[Brief]
What is needed is an exact repetition of the lines below, from the first one through the one holding "PAULMANN Źródło światła", with no pictures and nothing else.
———
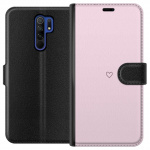 Wallet case for Xiaomi Redmi 9 with Heart design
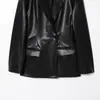 Ropa de mujer al por mayor transfronteriza 2026 AliExpress artículo más vendido moda casual chaqueta de cuero sintético con cuello de traje
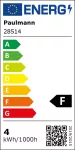 PAULMANN Źródło światła LED QPAR111 4W 24st.GU10 350lm 2700K 230V srebrny / szkło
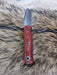 Bark River Ultra Lite Field Knife CPM 3V Firedog Canvas Thick Black Liners Mosaic Pins (USA)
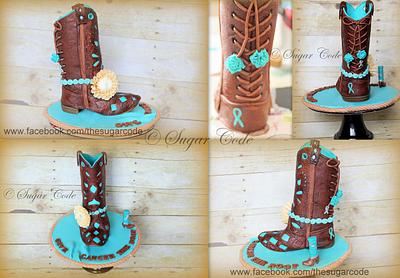 Cowgirl Boots - Cake by Saadhana Parthiban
———
[Solution for this task]
 Wallet case for Xiaomi Redmi 9 with Heart design
 Ropa de mujer al por mayor transfronteriza 2026 AliExpress artículo más vendido moda casual chaqueta de cuero sintético con cuello de traje
 PAULMANN Źródło światła LED QPAR111 4W 24st.GU10 350lm 2700K 230V srebrny / szkło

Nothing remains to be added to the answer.